By Ben Hecht, CEO, Living Cities
Last week, Jim Anderson of Bloomberg Philanthropies and Andrea Phillips of Goldman Sachs shared lessons from their investment in a social impact bond to reduce recidivism at Riker's Island. In less than 850 words, they publicly admitted to the failure of the program to achieve its desired outcomes and announced its discontinuance. Yet they also deemed the effort a success in that it validated the underlying premises of social impact bonds, the financing mechanism behind the program.
Can you really fail and succeed at the same time? Yes, they did and we all need to do more of it publicly. In fact I found their work and their blog to be a huge contribution to the social change field. Why? By closing the first social impact bond in the U.S. they made real the idea that we can focus on lives changed, not simply people served.
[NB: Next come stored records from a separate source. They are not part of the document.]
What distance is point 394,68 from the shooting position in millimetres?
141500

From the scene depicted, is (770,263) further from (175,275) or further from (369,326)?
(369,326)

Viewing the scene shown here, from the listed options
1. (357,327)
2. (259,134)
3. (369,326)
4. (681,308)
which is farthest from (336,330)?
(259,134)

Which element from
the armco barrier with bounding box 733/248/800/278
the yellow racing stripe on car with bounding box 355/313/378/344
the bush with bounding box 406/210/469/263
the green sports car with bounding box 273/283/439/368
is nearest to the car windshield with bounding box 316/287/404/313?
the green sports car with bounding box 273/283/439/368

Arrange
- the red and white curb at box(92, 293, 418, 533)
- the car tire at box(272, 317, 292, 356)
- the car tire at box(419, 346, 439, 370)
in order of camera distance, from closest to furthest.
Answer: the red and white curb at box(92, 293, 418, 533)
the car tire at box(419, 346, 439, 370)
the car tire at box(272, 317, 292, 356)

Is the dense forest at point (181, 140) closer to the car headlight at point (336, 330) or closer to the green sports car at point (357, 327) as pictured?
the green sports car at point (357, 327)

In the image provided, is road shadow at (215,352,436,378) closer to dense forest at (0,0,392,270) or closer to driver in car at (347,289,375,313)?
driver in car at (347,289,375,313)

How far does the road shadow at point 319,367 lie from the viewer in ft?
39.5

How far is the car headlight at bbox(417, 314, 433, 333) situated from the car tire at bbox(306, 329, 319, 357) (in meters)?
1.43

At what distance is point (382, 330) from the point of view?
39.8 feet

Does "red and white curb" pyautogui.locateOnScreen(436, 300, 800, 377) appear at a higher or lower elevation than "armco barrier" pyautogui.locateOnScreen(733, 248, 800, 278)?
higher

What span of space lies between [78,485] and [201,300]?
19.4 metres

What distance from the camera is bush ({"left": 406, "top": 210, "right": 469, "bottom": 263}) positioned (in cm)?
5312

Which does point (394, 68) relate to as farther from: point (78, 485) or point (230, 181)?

And their blog is helping us redefine success and establish learning as a critical public good.
Let's be clear -- Jim and Andrea publicly said, "It didn't work," and how often do you see that? Admitting to failure is rare and often uncomfortable. Further, people don't share enough about the lessons learned from failure -- or even the lessons learned from success for that matter. But public admission of failure can be liberating. It can also validate the fact that social change involves risk-taking. We have to fail or we're not trying hard enough. It also creates "teachable moments" demanding that we reflect on what happened and "make meaning" of what worked and didn't work. Their "failure" accomplished both of these goals. By telling people what they did, how they failed, and what they learned from that failure, they've helped redefine what success means when you are trying to solve really hard problems.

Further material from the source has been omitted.